I've been reading C. S. Lewis's Screwtape Letters the past week or so. It's a very interesting little collection of fictitious letters written by a senior demon to his nephew, a young temptor named Wormwood. I know reading this sort of thing probably makes me come across as pretentious and more intellectual than I am (especially since I also tend to enjoy the not-so-finer things in life as well, such as beer and pizza and Street Fighter II...the game, not the atrocious movie). But I've been a big fan of C. S. Lewis for years now, ever since I first read the Chronicles of Narnia in like elementary or junior high. Lewis has this way of mixing his religious message with wit, intelligence, insight, style, and a dash of humor that makes his work irresistable...at least, to me, anyway.

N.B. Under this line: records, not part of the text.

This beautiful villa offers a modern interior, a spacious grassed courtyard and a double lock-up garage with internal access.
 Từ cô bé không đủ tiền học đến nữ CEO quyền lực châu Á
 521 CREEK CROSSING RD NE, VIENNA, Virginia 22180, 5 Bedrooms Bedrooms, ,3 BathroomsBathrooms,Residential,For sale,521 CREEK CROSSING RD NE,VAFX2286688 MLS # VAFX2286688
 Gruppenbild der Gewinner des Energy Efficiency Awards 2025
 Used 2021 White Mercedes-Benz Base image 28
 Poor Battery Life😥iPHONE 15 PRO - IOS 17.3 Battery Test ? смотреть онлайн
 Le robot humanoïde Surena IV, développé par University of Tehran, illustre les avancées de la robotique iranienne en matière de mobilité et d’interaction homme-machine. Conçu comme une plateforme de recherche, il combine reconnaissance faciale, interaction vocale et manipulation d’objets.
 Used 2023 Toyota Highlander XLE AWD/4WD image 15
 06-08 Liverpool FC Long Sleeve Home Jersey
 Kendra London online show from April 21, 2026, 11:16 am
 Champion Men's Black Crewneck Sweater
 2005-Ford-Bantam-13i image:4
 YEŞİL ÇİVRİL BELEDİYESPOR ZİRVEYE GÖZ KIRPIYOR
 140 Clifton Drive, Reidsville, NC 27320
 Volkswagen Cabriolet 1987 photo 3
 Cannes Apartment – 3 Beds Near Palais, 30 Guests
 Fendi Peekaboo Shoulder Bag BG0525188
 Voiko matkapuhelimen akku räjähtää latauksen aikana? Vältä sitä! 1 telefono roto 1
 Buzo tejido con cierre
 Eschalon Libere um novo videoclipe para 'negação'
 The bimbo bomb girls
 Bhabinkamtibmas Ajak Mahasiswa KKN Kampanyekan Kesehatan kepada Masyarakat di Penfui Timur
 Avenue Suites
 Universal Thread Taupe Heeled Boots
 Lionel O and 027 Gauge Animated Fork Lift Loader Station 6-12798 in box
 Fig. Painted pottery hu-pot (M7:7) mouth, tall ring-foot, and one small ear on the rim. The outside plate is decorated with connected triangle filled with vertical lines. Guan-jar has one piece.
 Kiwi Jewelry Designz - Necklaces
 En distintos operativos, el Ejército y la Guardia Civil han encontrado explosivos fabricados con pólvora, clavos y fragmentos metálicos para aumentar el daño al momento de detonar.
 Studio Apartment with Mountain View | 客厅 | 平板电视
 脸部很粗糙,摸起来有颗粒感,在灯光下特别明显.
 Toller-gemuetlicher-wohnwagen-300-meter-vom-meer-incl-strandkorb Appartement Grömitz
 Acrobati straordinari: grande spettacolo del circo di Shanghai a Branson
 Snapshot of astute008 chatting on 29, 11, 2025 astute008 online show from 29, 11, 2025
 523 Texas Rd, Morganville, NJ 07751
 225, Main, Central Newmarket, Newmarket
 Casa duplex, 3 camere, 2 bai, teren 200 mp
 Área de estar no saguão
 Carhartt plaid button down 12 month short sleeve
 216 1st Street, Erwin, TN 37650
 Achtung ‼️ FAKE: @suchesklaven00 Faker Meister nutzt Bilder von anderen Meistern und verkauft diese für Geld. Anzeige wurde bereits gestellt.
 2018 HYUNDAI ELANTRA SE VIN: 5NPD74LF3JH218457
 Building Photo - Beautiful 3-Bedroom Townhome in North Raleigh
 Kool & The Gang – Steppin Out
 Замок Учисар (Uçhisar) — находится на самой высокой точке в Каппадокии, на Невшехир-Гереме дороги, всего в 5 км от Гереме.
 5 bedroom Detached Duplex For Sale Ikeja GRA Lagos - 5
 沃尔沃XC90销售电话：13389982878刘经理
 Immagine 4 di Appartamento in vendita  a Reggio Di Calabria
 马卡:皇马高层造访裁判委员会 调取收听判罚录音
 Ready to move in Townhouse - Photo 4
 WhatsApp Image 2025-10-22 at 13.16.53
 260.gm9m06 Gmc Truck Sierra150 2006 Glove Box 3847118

It's also interesting to see how this work played a part in two other important works, though they are works of a vastly different nature. The first is Bill Watterson's Calvin and Hobbes, the second is the novel Good Omens, by Terry Pratchett and Neil Gaiman. In the former, Watterson used the name Wormwood for Calvin's teacher. I think I actually pinpointing the passage in the Screwtape Letters that inspired this. It's in the first "letter," and reads: "From the way some of you young fiends talk, anyone would suppose it was our job to teach!" I think I laughed for a good five minutes when I read that.
As far as Lewis' influence on Good Omens, that's a bit more subtle. In the novel, Pratchett and Gaiman developed a character named Crowley, a demon on earth whose job it was to get as many people damned to hell as possible. Crowley went about this in rather unorthodox ways, such as designing a highway around London that, when viewed from above, made the shape of an unholy symbol of evil and power, the name of which escapes me at the moment. It was designed to channel the low-level anger, hate, and aggression that people felt on a daily basis about travelling on that stretch of road into a sort of spiritual funnel, and really add a slight dark tinge, a tarnish to thousands and thousands of souls per day. Crowley thought in terms of quantity, really--he was doing his job, not because he hated mankind, and not because he particularly wanted to damn thousands to hell, but because he was supposed to. He was something of a craftsman, and took pride in doing his job well, mind--it's just that really he rather liked humans.
On the other hand, he had to deal with two other demons, Hastur and Ligur, who are more of what Crowley thinks of as the old-school demons. They take a more qualitative approach to temptation and damnation. They work and weddle at a single soul for an entire lifetime, really working on that one person until that individual is finally damned. They are demons of the Screwtape variety, actually--they go after their targets one at a time, relishing that personal touch.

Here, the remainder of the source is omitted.